Part of Sparks` success as live performers, apart from a highly developed sense of humour, is the impression one gets of a desire to please and to work hard for effect. Russell is everywhere. Never forgetting the sections of the crowd without such a good view he plays to everyone and takes nothing for granted, hence even older tunes like “Souvenir” or “This Town” still come across freshly. Because of the speed of their act, much of Sparks` subtlety gets underwritten – but quieter numbers like “Never Turn Your Back” prove the reproducting qualities of the group, particularly on those swelling final chords. No doubt about an encore and, as with any exhilarating concert, the closing number “Here In Heaven” seems the best. After the final symphonic “Many” Dinky launches into his now immaculate solo, Russell sings `Years` and nearly ends, like the drum sticks, in the audience. Lights up but no-one wants more – you can`t improve on Total Satisfaction.

After the show the Maels hold informal court in our hotel bar, Ron and I retiring to quieter confines for a chat. Had the reaction to their leaving for a lengthy spell in the States surprised them. Was it, such a big deal?
“Not at all. Having done two tours in a year we wouldn`t be playing England anyway, until the winter of 1975. We`ll be releasing another single from `Propaganda` with a new `B` side in January, and the next album should be recorded in America – still with Muff, though we hope to have Earle Mankey, our old lead guitarist, engineering.
“What`s really exciting is that he`s working with the Beach Boys in L.A. and there`s talk of having them doing some background harmonies.” That could do Sparks a whole a lot of good as the Beach Boys` presence is bound to give them commercial credence.
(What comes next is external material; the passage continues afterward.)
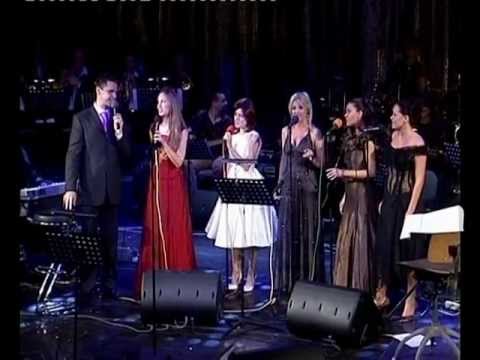 Đani Stipaničev & gošće - Neka cijeli ovaj svijet (Live in Komedija)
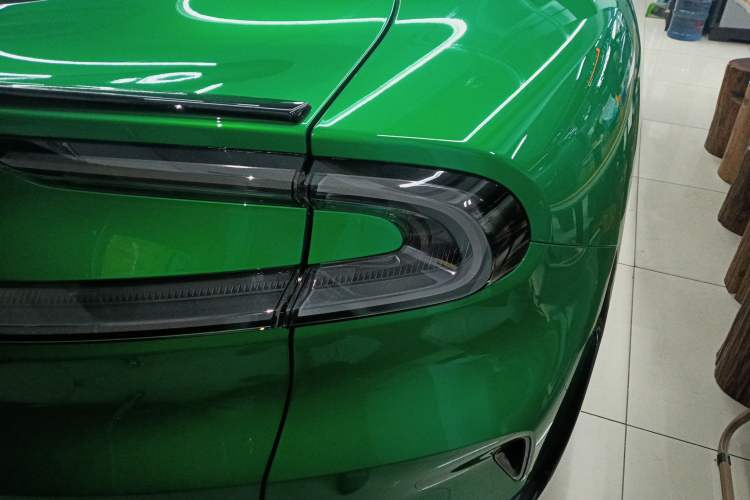 Used Xiaomi Auto YU7 2025 Ultra-Long Range High-Performance All-Wheel-Drive Max Edition Exterior 6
However, earlier in the day (at a Dutch press conference), Ron and Russell had broached the theory that the tradition of American audiences had hardly changed since Beatle days, and that the newer generation were generally so soaked in wine and downers that a band like Sparks needed to get to the fresher, more creative atmosphere of England to survive.

If that was the case how come Sparks think they`ll make it now?
Ron mulled his answer over thoughtfully: “Well, we have the advantage of being secure in Europe.”
Yes, but then none of the new-wave “sophisticated” bands have yet transferred successfully – and they`ve had that security, too…
“Humm…we do have the element of local-boys-made-good, and the English element as well, plus this is our best-ever combination. There`s a lot of, I know this sounds kinda naive, youthful spirit. We aren`t the initial thing to latch on and so we do have a reputation preceding us. It will be a shock though, going back, after the success here.”
As with all aspiring groups Sparks aren`t sure whether to play as a support band (there`s the possibility of Santana or Johnny Winter gigs!) or headline in smaller halls. Personally I don`t see how they can adopt the former policy, so well -defined is their audience. On the other hand, they must aim to sell across the board as they do in Europe. A tricky dilemma.

Ron admits that while they don`t yet have complete financial security, he enjoys the touring:
“Living in hotels means responsibilities are taken away from one, which gives me the energy to devote to writing. But it does make you a cripple in a certain way, always relying on others. It`s hard to put into perspective. I only realise the “star trip” bit when it hits me on a personal level, so I get off on the concerts and the mobbing, that`s reality now. It gets more important to have genuine reaction. I can only relate to an audience when I`m not looking at an account sheet with rows of noughts.”
Ironically the Maels have always been so forthcoming and pleasant that, unlike most rock stars, the aura of mystique is negligible: “People are sometimes disappointed when they meet us which makes it odder for them, but I enjoy all the aspects of popularity. I really believe it`s more important to have what you`re doing stronger than what you are – to keep the product first!”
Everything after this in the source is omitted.